Another
crazy day, but Family Ghosts is publishing. I was hoping it would be
done now, but it has not been the full possible twelve hours yet.
I keep
thinking about whether I should take a hiatus from the blogging, but it still
feels necessary for now. So here I go.
The other
exercise that came from my mind started as a completely different thing. I had
done a series on earthquake preparedness, and wanted to do a home audit of
things we needed to fix.
That idea
grew into an idea of a full home audit for things needing repair and
improvement. Initially I had been thinking of big things, like bolting the
house to the foundation, and small things, like switching to closed loop
picture hangers. What I realized was that beyond earthquakes, there would be
similar combinations. Some things could be done quickly by me, or fairly
inexpensively by a professional, but the idea of the assessment was to know.
I don't
remember exactly when the idea came to go over my body too, but I live in this
body, like I live in my house, and it would be paying attention to my
environment.
I thought I
would be looking for specific areas to improve. Since most sources claim that
targeting specific areas does not work, I was not sure there would be a point,
but it felt like the thing to do.
I have
already repaired one minor home thing. I have also shared the list with my
sisters so that we can establish some consensus and buy in.
They have
only seen the home list, but that part had been a good experience.
The body
audit was more interesting.
I can see
lots of flaws all over my body, for most of which the only potential way of
improvement is a general focus on improved diet and more activity.
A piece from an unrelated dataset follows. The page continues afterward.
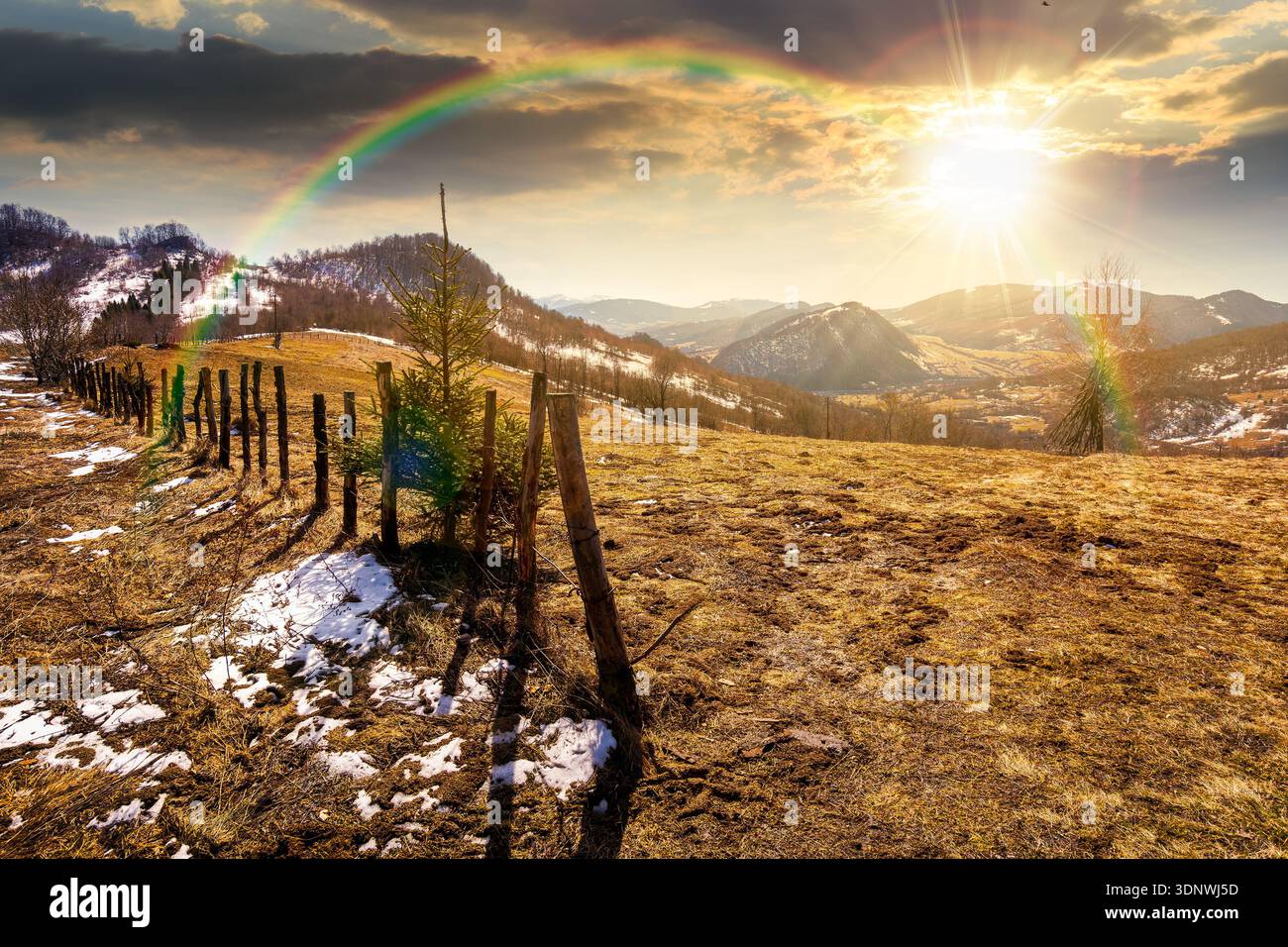 rural landscape of carpathian mountains in early spring under blue sky at sunset. snow covered hill with barbed wire fence on in evening light. storyt Stock Photo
I also found
good things.
I ended up
seeing that there are some body parts that function well. They have strength.
My worst
spot, other than my stomach (really the abdomen if we are getting specific) is
my right leg. That's where the infection and fever left it scarred. The skin is
rough and discolored, and there is a bulge.
I was able
to feel compassion on that area. It's not the leg's fault I got sick. Despite
its appearance, it functions well. I can walk for a long time. I hadn't thought
about it for ages, but I remembered how much my leg hurt then, and it hurt for a
long time. I am grateful that is done. It is also a reminder of what can
happen, and that I need to take good care of my immune system and blood sugars.
I have
known what is wrong with my body for a long time - that's why I disconnected.
There is also a lot that is right with my body, and it was important to take
time to remember that.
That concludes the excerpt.